Im Gegensatz zu dem späteren Bloomfield und dem europäischen Strukturalismus hatte Sapir eine dynamische Konzeption vom Sprachsystem. Er redet von grammatischen Prozessen statt von Einheiten. Ebenfalls im Gegensatz zu den amerikanischen Strukturalisten interessiert er sich für die Bedeutung grammatischer Formative und sieht darin einen Ausdruck der Kultur.
Sapir ist der Begründer des Mentalismus in der amerikanischen Linguistik und geistiger Vater (wenn auch nicht Vertreter) der Sapir-Whorf-Hypothese. Bis heute unübertroffen sind seine Theorien der grammatischen Prozesse und Begriffe. Seine Sprachtypologie und seine Hypothese von der sprachlichen Strömung (‘drift’) sind wegweisend und noch nicht ausgelotet.
Seine Arbeitsweise ist stark interdisziplinär.

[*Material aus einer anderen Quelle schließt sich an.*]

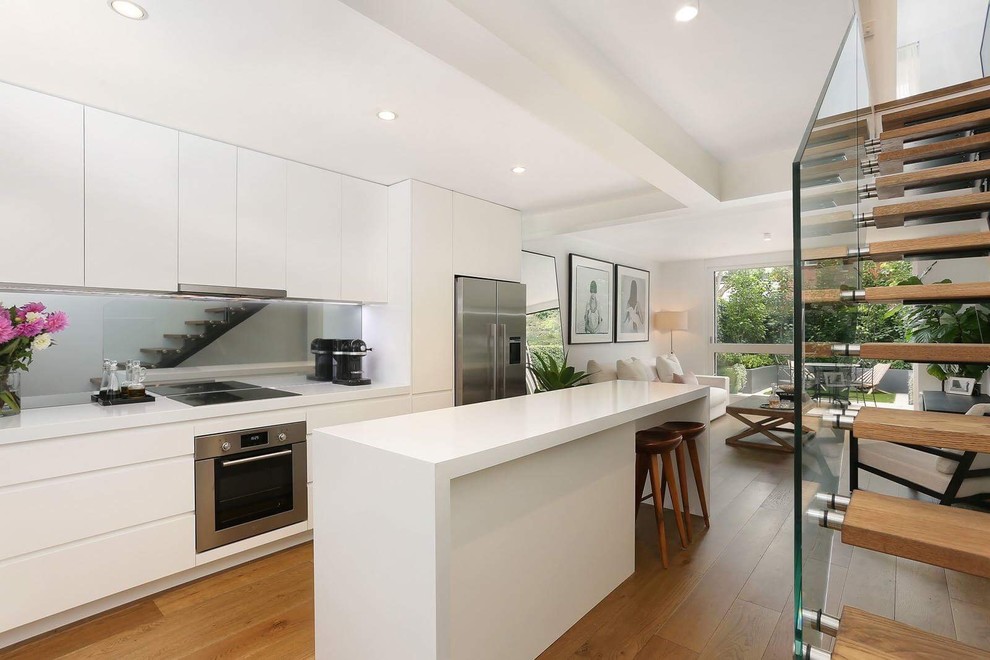 Photo of a modern kitchen in Sydney.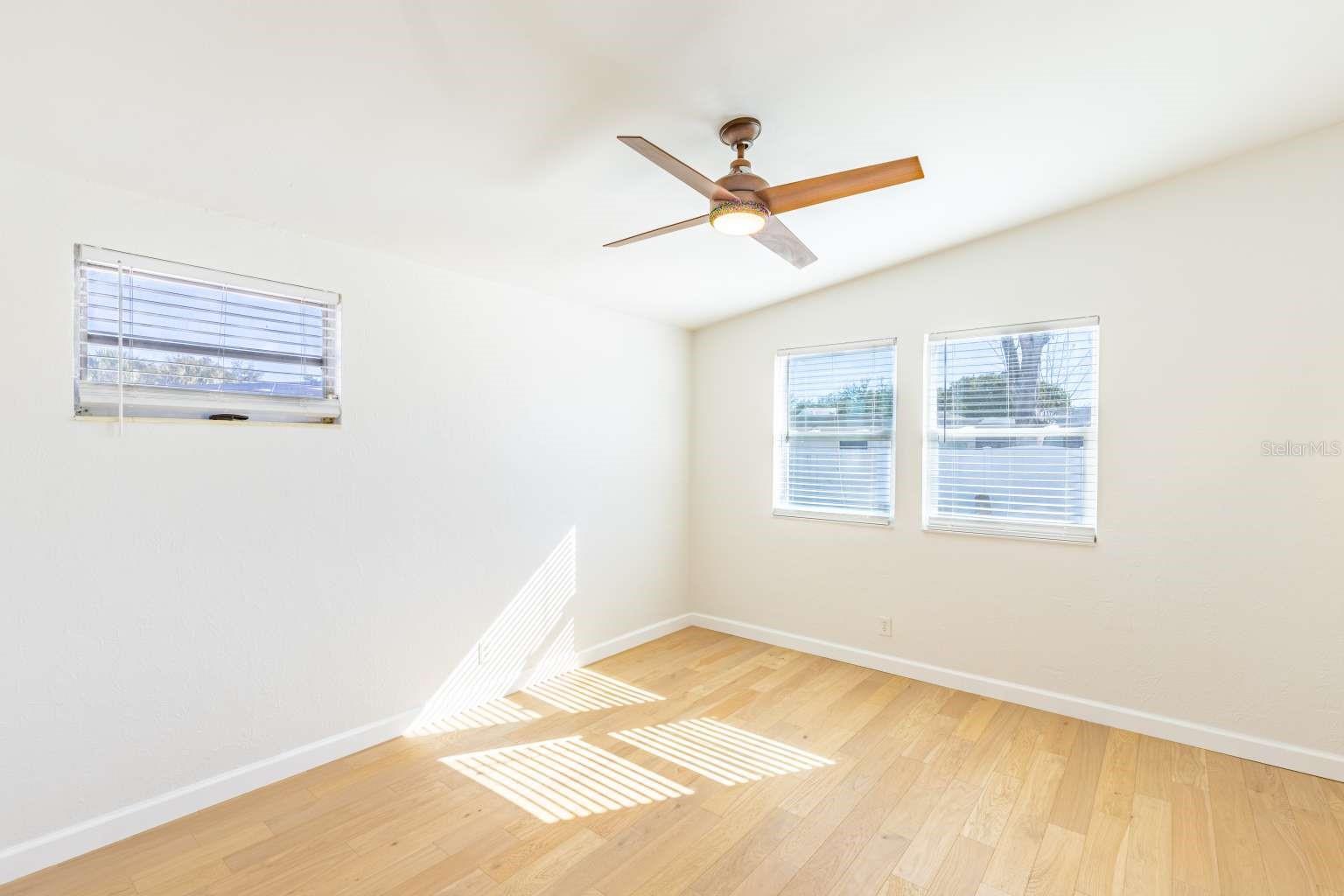 Image 13 of 24 For 2110 Alcazar Way S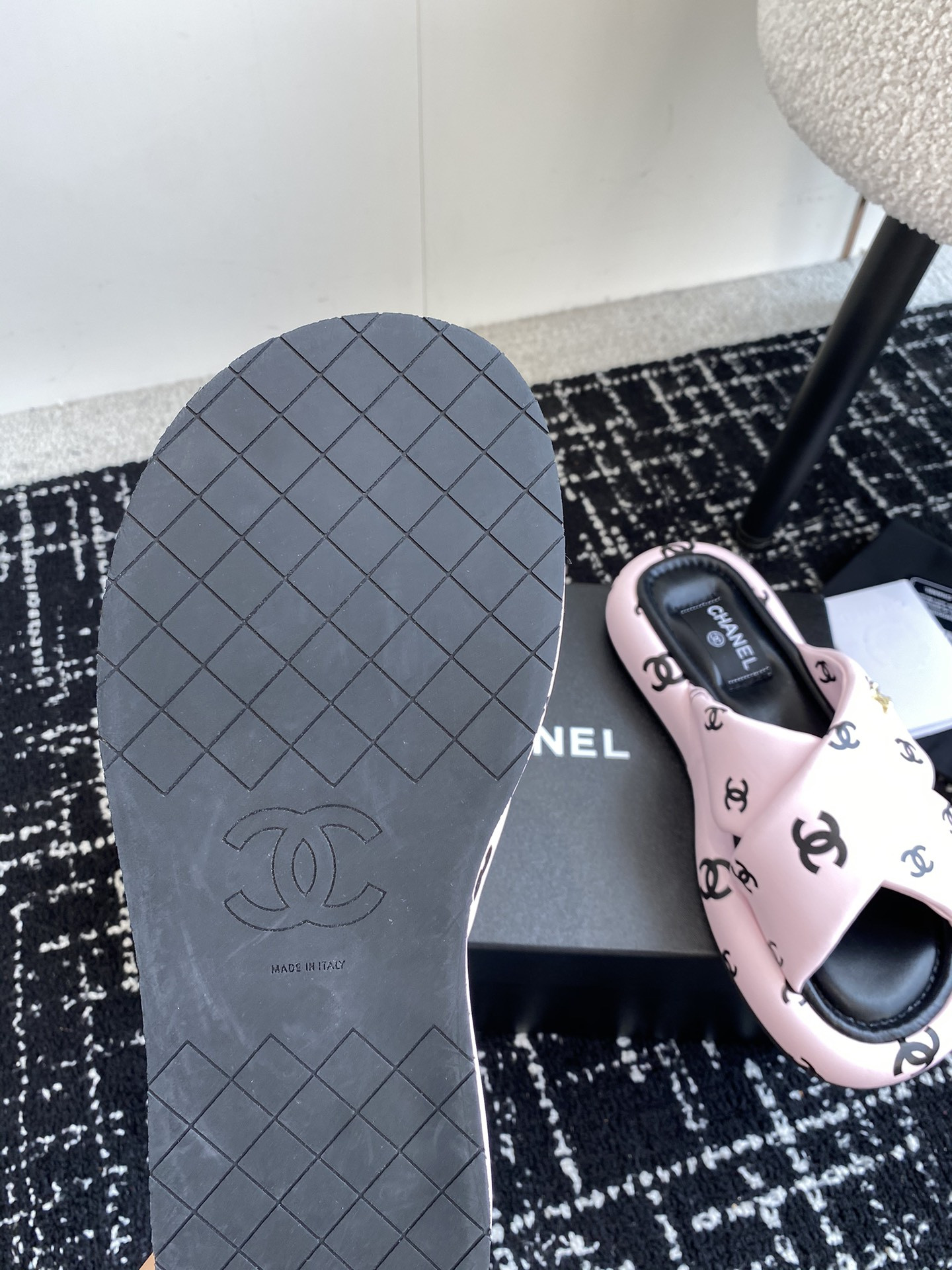 UA CHANEL SLIPPERS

Er verbindet Linguistik mit Anthropologie. Er genoß eine hohe Reputation als Anthropologe, pflegte wissenschaftliche Korrespondenz mit Kroeber. Vor allem später ist er mehr an Anthropologie als an Linguistik interessiert. Bemerkenswert ist auch eine umfangreiche Produktion von Poesie (vor allem in Ottawa) und von Studien zur Poesie und Musik.

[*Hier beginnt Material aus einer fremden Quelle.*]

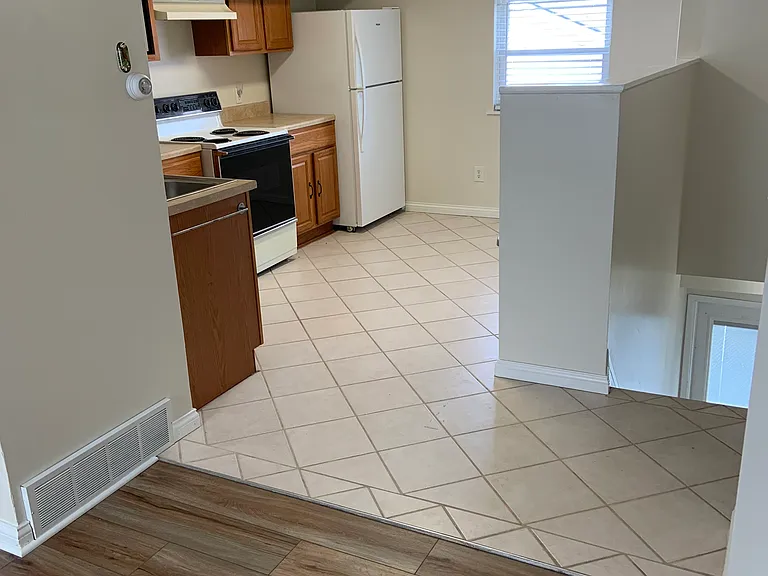 737 Smith St #2 — Photo 2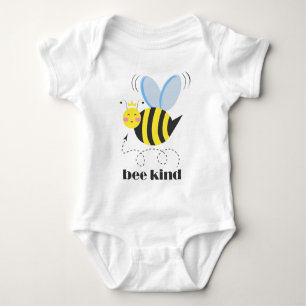 Glad binprinsessa med krona och slogan Var snäll m T Shirt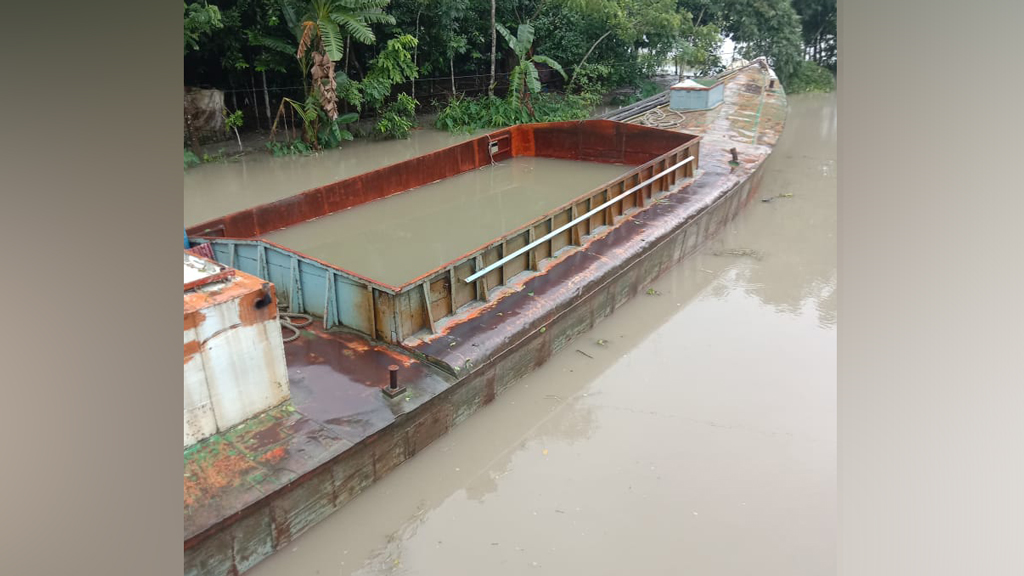 বাউফলে সেতুতে বাল্কহেডের ধাক্কা, মাথা বিচ্ছিন্ন হয়ে গেল শ্রমিকের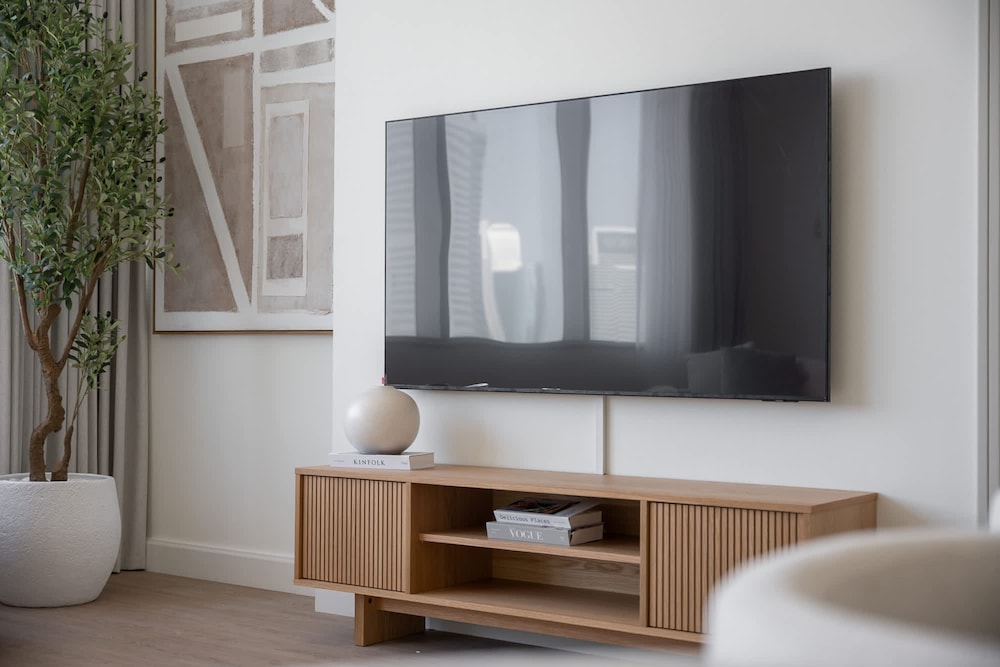 Sky Garden s Magnificent 1 Bedroom Apartment Perfect for 4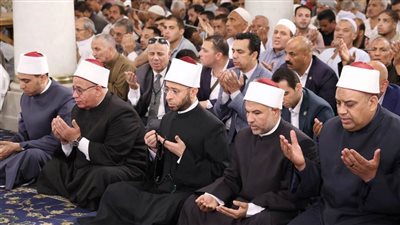 وزير الأوقاف يؤدي صلاة الجمعة بمسجد السيدة زينب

Sapir hatte zu Lebzeiten geringeren Einfluß als Bloomfield. Damals herrschte Behaviorismus, nicht Mentalismus. Erst seit 1963 (Greenberg) ist eine Umkehr zu verzeichnen.
Bekannteste Schüler: Mary Haas, Harry Hoijer, Kenneth L. Pike, Morris Swadesh, George L. Trager (dieser allerdings Bloomfieldianer), Carl F. Voegelin, Benjamin L. Whorf (seit 1931).
(Auszug)
Sapir, Edward 1917, [Rez. v. Uhlenbeck 1916[i]]. IJAL 1:86-90.

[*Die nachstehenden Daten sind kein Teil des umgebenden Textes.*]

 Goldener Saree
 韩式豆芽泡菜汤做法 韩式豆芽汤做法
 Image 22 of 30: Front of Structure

Sapir, Edward 1918, "Representative music". The musical quarterly 4:161-167. Abgedr.: Sapir 1949:490-495.
Sapir, Edward 1921, Language. An introduction to the study of speech. New York: Harcourt, Brace & World (Harvest Books, 7). [Rez. von Bloomfield, Kroeber]
Sapir, Edward 1921, "The musical foundations of verse." JEGP 20:213-228.
Sapir, Edward 1923, "A type of Athapaskan relative." IJAL 2:136-142.
Sapir, Edward 1925, "Sound patterns in language." Language 1: 37-51.
Sapir, Edward 1929, "The status of linguistics as a science." Language 5:207-214.
Sapir, Edward 1929, "A study in phonetic symbolism." Journal of Experimental Psychology 12:225-239.
Sapir, Edward 1933, "La réalité psychologique des phonèmes". Journal de Psychologie Normale et Pathologique 30:247-265.
Sapir, Edward 1949, Selected writings in language, culture, and personality. Ed. by David G. Mandelbaum. Berkeley & Los Angeles: Univ. of California Press.
Sapir, Edward & Hoijer, Harry 1967, The phonology and morphology of the Navaho language. Berkeley & Los Angeles: Univ. of California Press (Univ. of California Publ. in Linguistics, 50).
Sapir, Edward & Swadesh, Morris 1955, "Native accounts of Nootka ethnography." IJAL 21, 4, Part II (Indiana Univ. Research Center in Anthropology, Folklore and Linguistics, Publ. 1).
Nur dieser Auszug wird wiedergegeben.